Tisha B’Av: Is the headline interfaith fasting or Romney?

We think the headline on the Jewish fast of Tisha B’Av should be:
Jews Join Muslims in Fasting.
After all, it’s a rare convergence of the Muslim fasting month of Ramadan with the 25-hour-long Jewish fast that mournfully recalls the destruction of the Temple in Jerusalem. As these religious groups fast together, this could be an occasion for building spiritual bridges.

However, the rest of the world’s news media is putting Tisha B’Av in hundreds of news stories about Mitt Romney’s visit to Israel after his brief tour of the London Olympics. We do understand that Romney’s presidential candidacy is important religion-related news. But, most newspapers around the world are ignoring the fast itself this weekend to focus on the political and religious minefield Romney is entering.

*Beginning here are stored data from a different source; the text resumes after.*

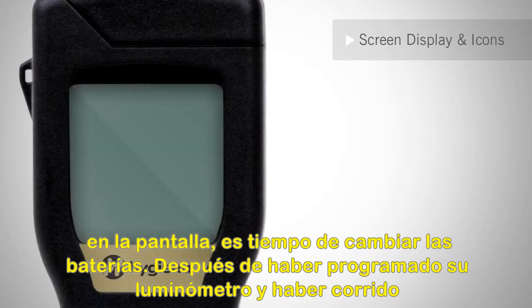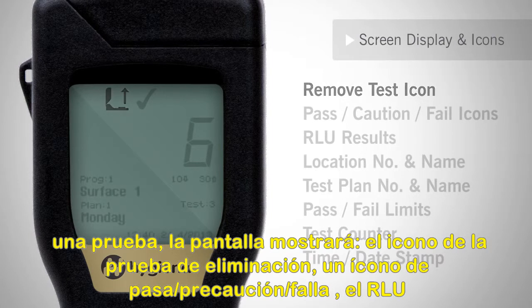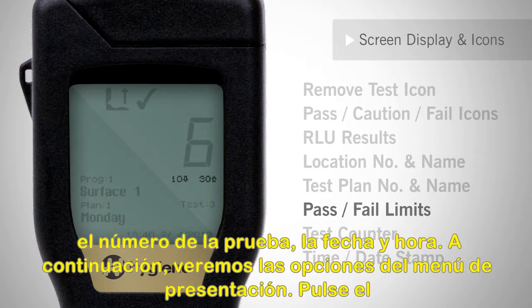After you've programmed your meter and run a test, your screen will show the remove test icon, a pass/caution/fail icon, the RLU result, the location number and name, the test plan number and name, the pass/fail limits, the test counter, and the time and date stamp.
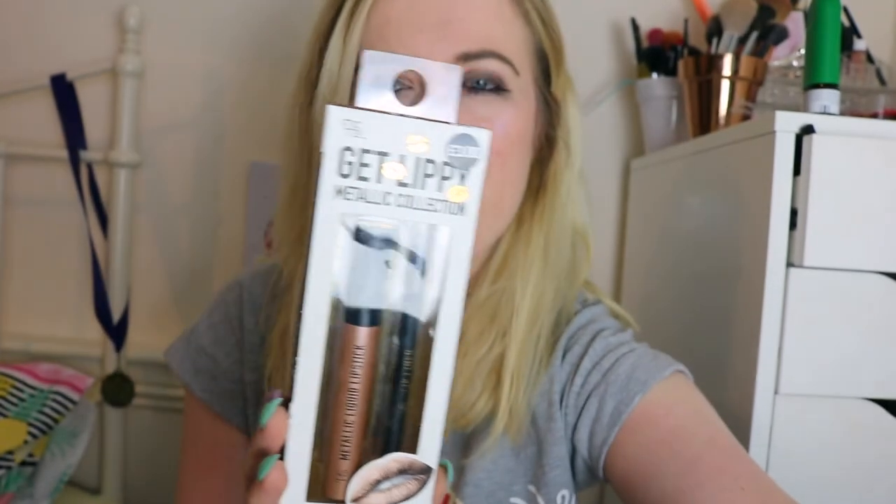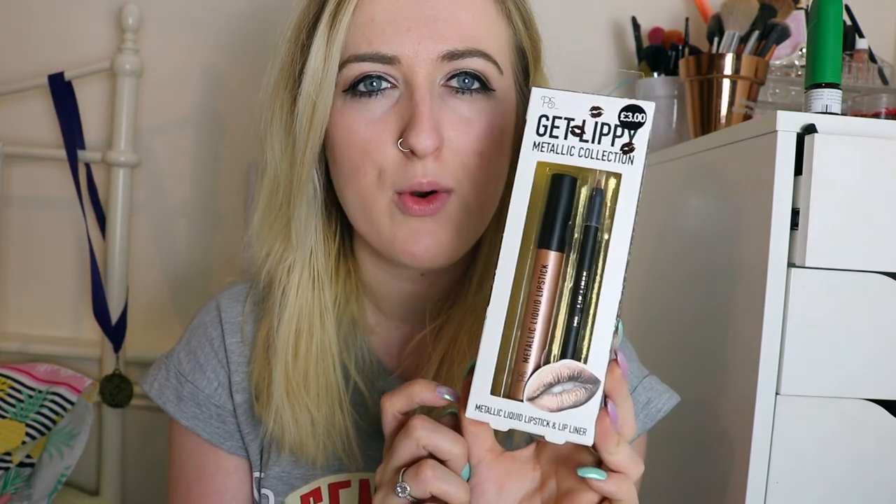So the first lip kit I picked up was from Primark. I'll do a close-up for you guys — this is in the shade Molten Bronze. This is a beautiful colour so I really hope this works and shows up because I'll definitely be using this one.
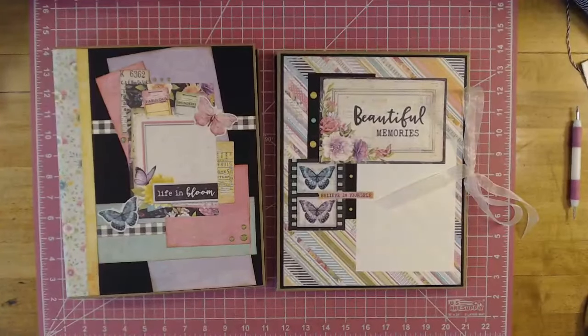Hey, welcome my YouTube friends to Scrapping It Up. I am Vanessa and today I want to do some album share with you. I used the Life in Bloom collection from Simple Stories.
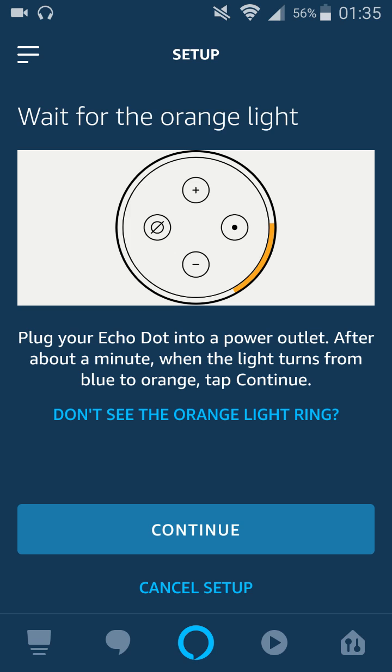But if this is the first time you're setting up Wi-Fi, then you should be in this setup mode anyway. But if you're not in the situation where you have this little orange bar going around your device, just hold down that action button for about five to ten seconds. Once you have that, click Continue.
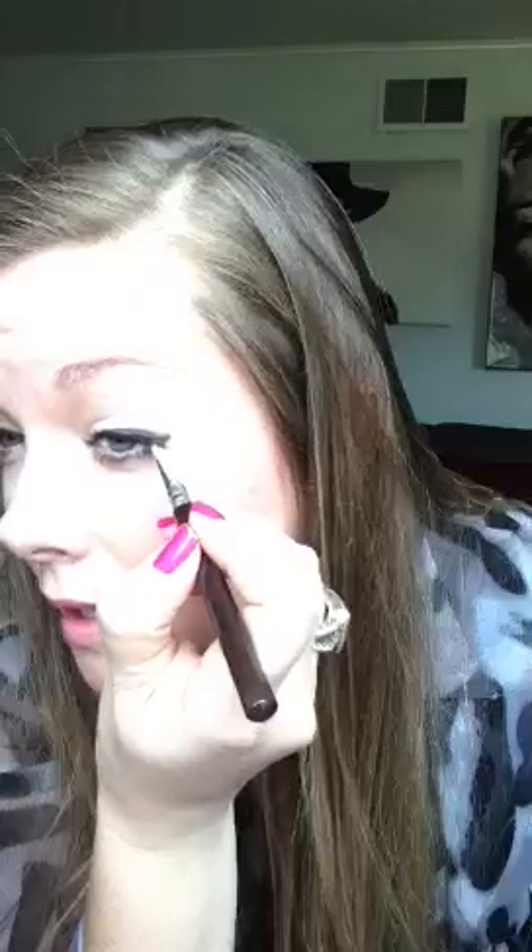So this is just a black shadow. If you wanted to set the liner on top — even though it is waterproof — I go over it just one last time to clean up any edges, and it makes it a little bit more intense just on the outer corners. Then take it in to the inside, and that's a basic winged eyeliner look right there. You can wear this day or night, but try to keep it as subtle as possible with the eye shadow colors.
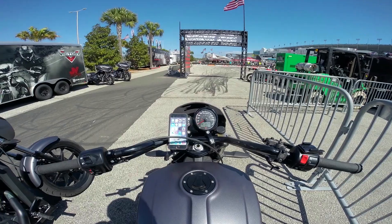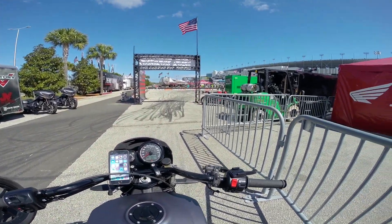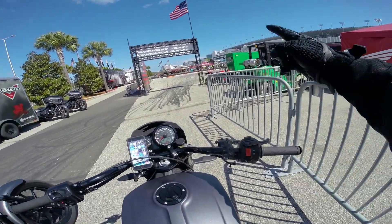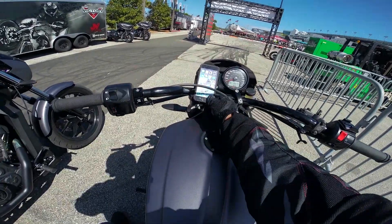What's up everybody, it's Rockform brand ambassador Tony Carbajal. Today I'm out here at the Daytona Beach Bike Week doing shows here at the Daytona International Speedway for Victory Motorcycles, and today I wanted to talk to you guys a little about this Rockform motorcycle mount.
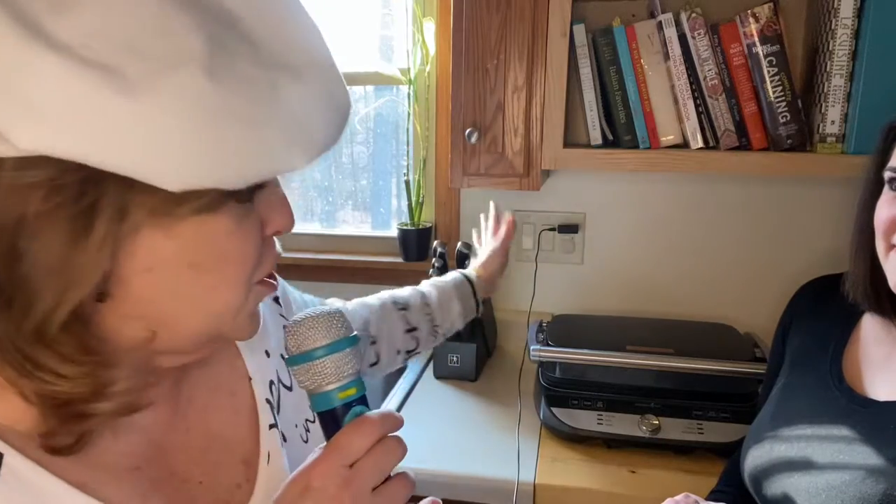Hi, this is Inspiring Hilda coming to you from my favorite customer's home, to let you know why she loves the new Pampered Chef Grill.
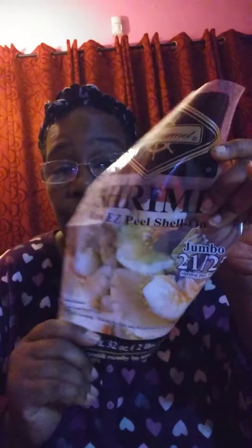I got these for $9.99 a bag at PriceRite — I could not complain. It was nothing negative about these shrimp. I bought four bags. Did two bags with my godchildren's family, and I did this bag, so it should be one bag of shrimp left in the refrigerator.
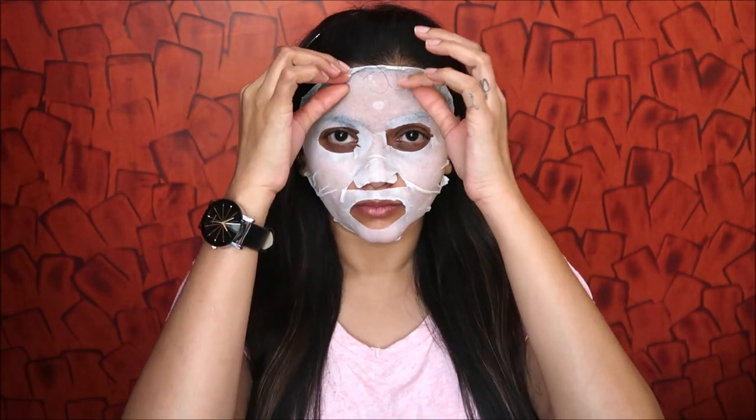Once 15 minutes are up, I massage the serum in and then remove the mask. After using this mask, my skin felt hydrated, refreshed, and smooth. You can see it right here — it gives you an instant glow and makes you feel refreshed and awake. This is how my skin looks after using the sheet mask!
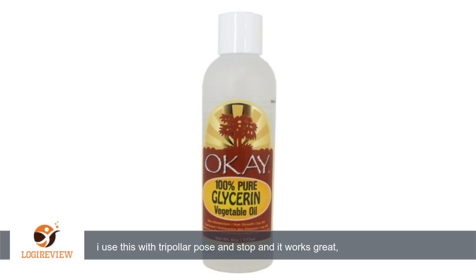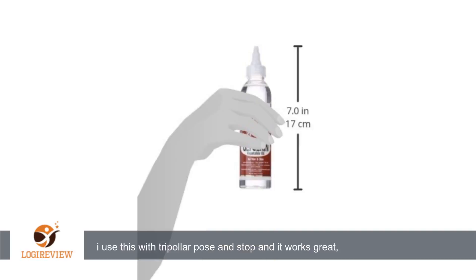A customer wrote: I use this with Tripolar pose and stop and it works great, no need to buy expensive gel from them. Thank you for watching.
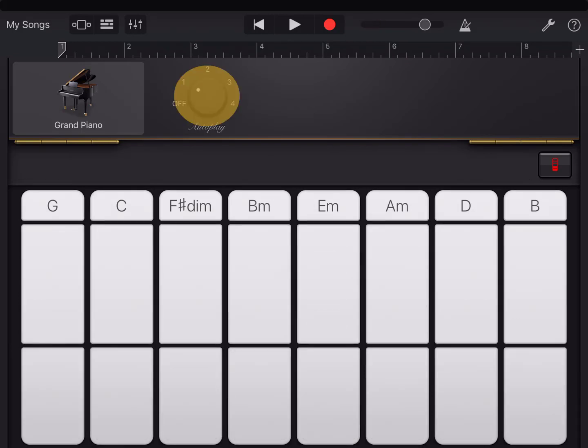Or I can choose an auto pattern — bottom notes or high notes. So I'm going to pick the tonic, that's E minor that I chose before, and try each pattern to listen to it and choose one I like to start with.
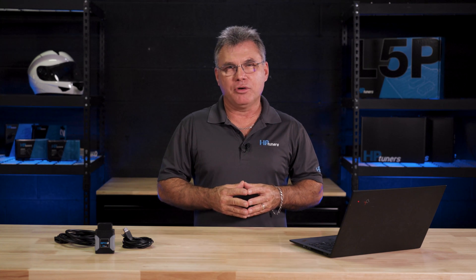Thanks for tuning in to today's video about the new VCM Suite 5.0 update. If you have any questions, please feel free to leave a comment below. My name is Tony and I'll see you in the next video.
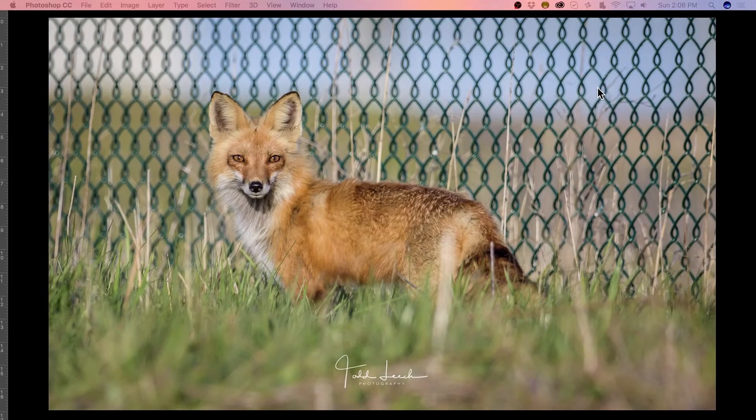Hey, this is Paul Payton with FocalSplash, and Todd Leach let me use this image. This is a beautiful image, by the way, to show how I would remove this fence behind this fox.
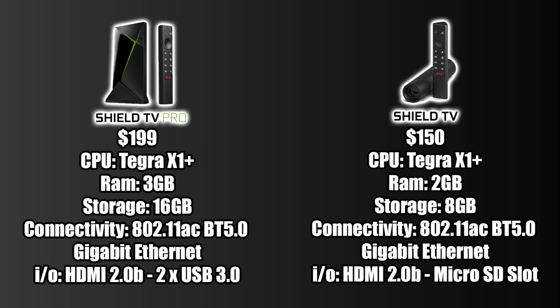The new Pro version comes in at $199 — Tegra X1 Plus processor, 3 gigs of RAM, 16 gigabytes of internal storage, 802.11ac Wi-Fi, Bluetooth 5.0, gigabit ethernet, full-size HDMI 2.0b, and two USB 3.0 ports. The lower end version retails for $150 — same Tegra X1 Plus processor, 2 gigs of RAM, 8 gigabytes of internal storage, 802.11ac Wi-Fi, Bluetooth 5.0, gigabit ethernet, and full-size HDMI 2.0b, but no USB ports — only a micro SD card slot for storage expansion.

A sign that his campaign isn’t entirely up to speed on interfaith issues was an original plan to hold a fund-raising dinner during the fast—a plan that has been altered in various ways. One report points out that no one will eat at the Sunday fundraiser until after the sun sets. Another report says that the Romney focus now has moved to a gathering on Monday. And, reporters now are objecting to the Romney campaign’s decision to lock them out of the Sunday event.

What is Tisha B’Av?

Since you won’t find it elsewhere, here’s the story behind Tisha B’Av: According to Jewish tradition, Tisha B’Av marks the tragic date on which both the First and Second Temples were destroyed, although 655 years apart. (Wikipedia has details). In addition, Jews recall other tragedies: the sins of scouts sent by Moses; the destruction of the entire cit of Jerusalem that followed the Roman siege of 70 CE; and the failed Bar Kakhba revolt. (Learn more from Judaism 101.)

For 25 hours, Jews will fast from food and drink and observe traditional mourning customs. Often, the Book of Lamentations is read, among other solemn texts, and lamenting prayers are recited. In the synagogue, the ark—the home of the Torah—is draped in black. (Interested in a virtual tour of the Temple? Take one at Chabad.org.)